NASHVILLE — U.S. Rep. Marsha Blackburn, R-Tenn., is under fire at home after a former federal Drug Enforcement Administration official told "60 Minutes" that efforts to combat the nation's growing opioid epidemic were stymied after pressure brought by large pharmaceutical companies and later by Congress.
In an interview that aired Sunday, Joe Rannazzisi, former head of the DEA's Office of Diversion Control, told the CBS news program that major distributors, including McKesson, Cardinal Health and AmerisourceBergen, allowed drugs to be obtained by unscrupulous pharmacies and pain clinics and sold to people across the country "who had no legitimate need for those drugs."
The examination of the change in law was conducted by "60 Minutes" and The Washington Post.
Rannazzisi and former DEA attorney Jonathan Novak cited a bill sponsored by U.S. Rep. Tom Marino, R-Pa., and co-sponsored by 14 others, including Blackburn, that substantially undercut legal provisions the agency used to crack down on the drug distributors, including the ability to freeze suspicious shipments.
Sponsors argued the legislation was needed to let people with pain continue to receive the medication.
A Blackburn spokesman said in a statement Monday that "if there are unintended consequences from this bipartisan legislation — which was passed unanimously by the House, Senate and was signed into law by President Obama — they should be addressed immediately."
The Washington Post reported that after a meeting with Rannazzisi, a DEA attorney and congressional staffers, Marino and Blackburn later accused Rannazzisi of trying to "intimidate the United States Congress" and asked the Justice Department's inspector general to investigate.
The Washington Post and "60 Minutes" said their investigation found a "handful of members of Congress, allied with the nation's major drug distributors, prevailed upon the DEA and the Justice Department to agree to a more industry-friendly law, undermining efforts to stanch the flow of pain pills."
Blackburn announced earlier this month she is running for U.S. Senate to replace retiring U.S. Sen. Bob Corker, R-Tenn.
Former U.S. Rep. Stephen Fincher, R-Tenn., who is wrapping up a "listening tour" to determine whether he will run for the Corker seat, said the opioid epidemic is the "No. 1 issue" on the minds of various East Tennessee officials he visited last week and this week.
"What is so troubling about what we are seeing develop is what Tennesseans want are people who will go to Washington and stand up and fight for them and fight issues like this," Fincher said in an interview Monday.
A West Tennessee farmer who served three terms in Congress, Fincher said "career politics and forgetting who you work for — that's what's wrong in Washington. People's lives are at stake here. This issue, it's an epidemic that's all across our state, from Frog Jump to Mountain City. It's affecting all of us."
"This is why we're so interested in running for this seat to make sure that Tennesseans have a voice against special interests and what's going on in Washington."
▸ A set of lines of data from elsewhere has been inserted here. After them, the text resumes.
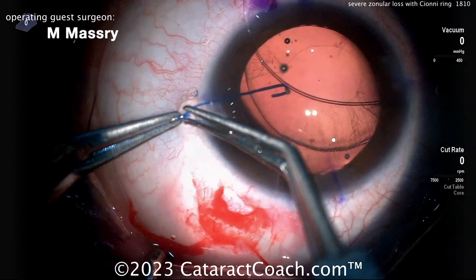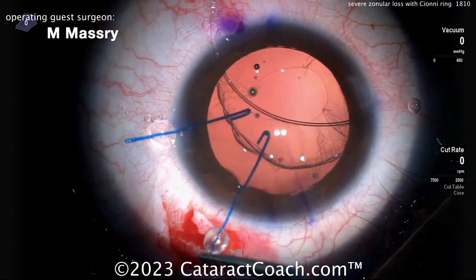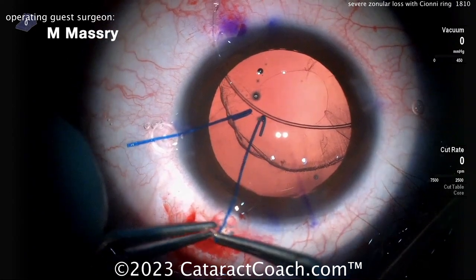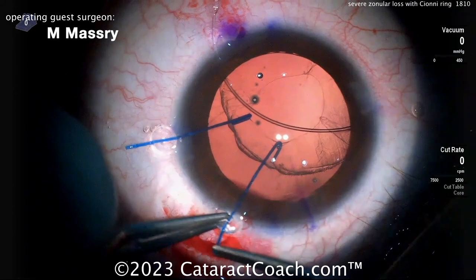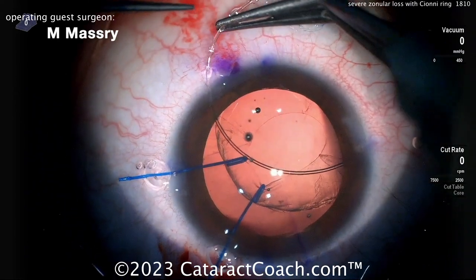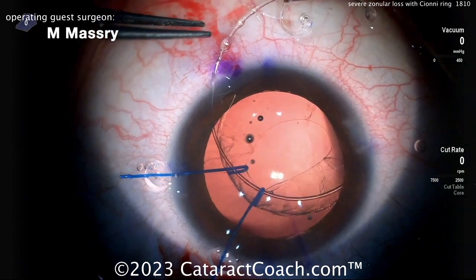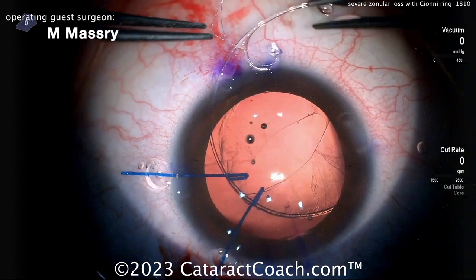Now it looks like an iris hook or a capsule hook being used, and that's going to help support the capsular rhexis edge. These look like iris hooks — there are also available capsular hooks, which are a little more gentle. They're angled a little differently and have a broader area of support under the capsular rim. Advancing that around, taking your time.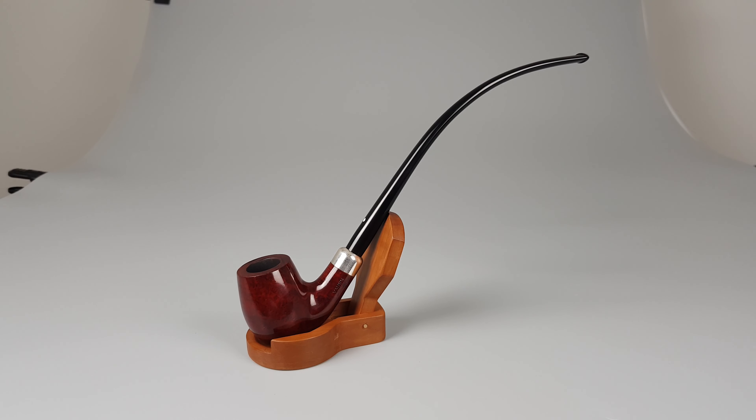Hello and welcome to another pipe presentation video. Let's have a closer look at another Churchwarden shaped pipe — a German Estate Wauwen Luxus, higher grade series, smooth red finish, shape 8027 with military mount stem connection, 925 sterling silver band mounted on shank, vulcanite stem filter for 9mm. It comes with mild scuffing on the bottom side of the bowl and some minor scratching on the stummel.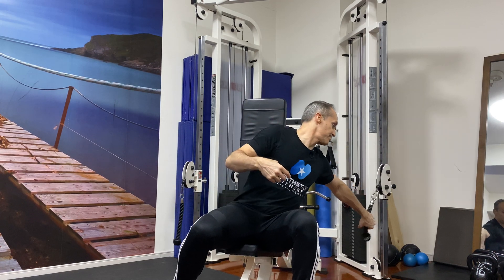If you notice these handles, I've got my hands in this position. This is internally rotated — externally, internally. You're going to really feel an amazing stretch and a pump in there doing it this way.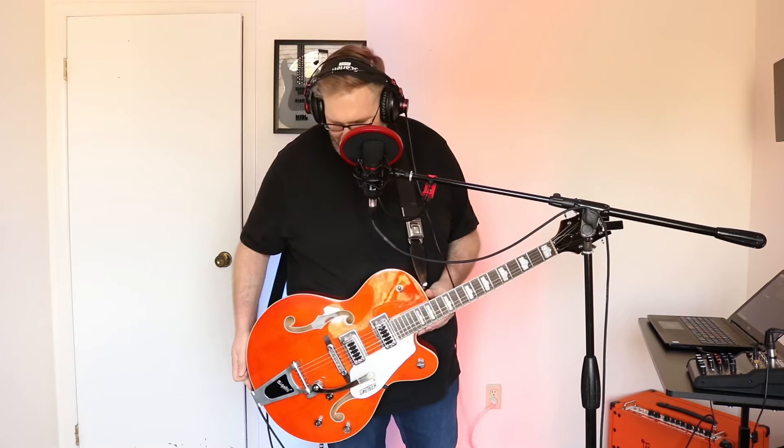I definitely love the Bigsby licensed tremolo right here. This thing is so much fun — where's this been my whole life? I can do tricks with it now. And this color — it just pops. Tell me this orange isn't the most rad orange. Any stage, big or small, it looks great on camera. If you're going to get a Gretsch, you've got to go orange. It looks amazing.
Asked specifically about Blackburn's role, Fincher said "as far as Tennesseans go, I think the '60 Minutes' program was pretty clear what's happening here. This is not good. This is not good for Tennesseans and this epidemic is facing all of us and breaking our little counties, people are dying."
The Blackburn campaign said Fincher would have voted for the bill when it came up on the House floor for a voice vote.
But Fincher spokesman Joe Hall said the then-congressman was not in Washington that day. He was back home dealing with family farm issues in the wake of a family member's illness, Hall said.
Tennessee Democratic Party Chairwoman Mary Mancini attacked Blackburn, saying, "At the crucial time when she should have been protecting us, Rep. Blackburn championed a bill that imprisoned even more Tennesseans in a devastating cycle of drug dependence."
According to The Washington Post, Blackburn has received $120,000 in campaign contributions from the pharmaceutical industry.
The Blackburn spokesman said the congressman has a "long history of working to combat the epidemic of opioid abuse, which has taken too many precious lives. She believes that Congress should continue its work to address the issue and conduct oversight."
This story was updated Oct. 16 at 11:59 p.m. with more information.